____ DATA SECTION
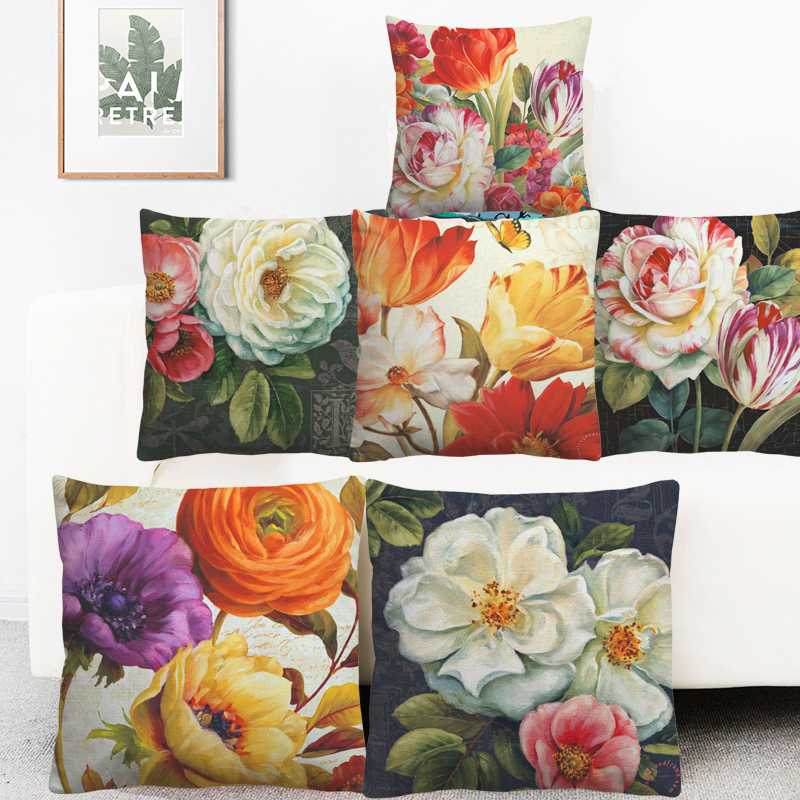 Oil Painting Floral Flower Cushion Covers Beatuful Pastoral Vintage Flowers Tulip Camellia Cushion Cover Decorative Pillow Case
Oil Painting Floral Flower Cushion Covers Beatuful Pastoral Vintage Flowers Tulip Camellia Cushion Cover Decorative Pillow Case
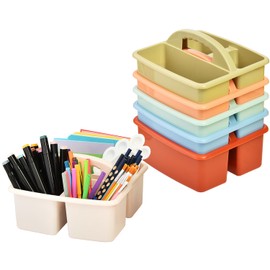 Plastic Storage Caddy Organizers, 6 Pcs Portable Teacher Classroom Supply Caddies with Handle, 3-Compartment Utility Craft Art Caddy for Kids, School Classroom and Office Organization, Boho Colors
________
ASSIGNMENT: Please return all of the material above exactly, minus any pictures.

SOLUTION TO THE PROBLEM:
 Oil Painting Floral Flower Cushion Covers Beatuful Pastoral Vintage Flowers Tulip Camellia Cushion Cover Decorative Pillow Case
Oil Painting Floral Flower Cushion Covers Beatuful Pastoral Vintage Flowers Tulip Camellia Cushion Cover Decorative Pillow Case
 Plastic Storage Caddy Organizers, 6 Pcs Portable Teacher Classroom Supply Caddies with Handle, 3-Compartment Utility Craft Art Caddy for Kids, School Classroom and Office Organization, Boho Colors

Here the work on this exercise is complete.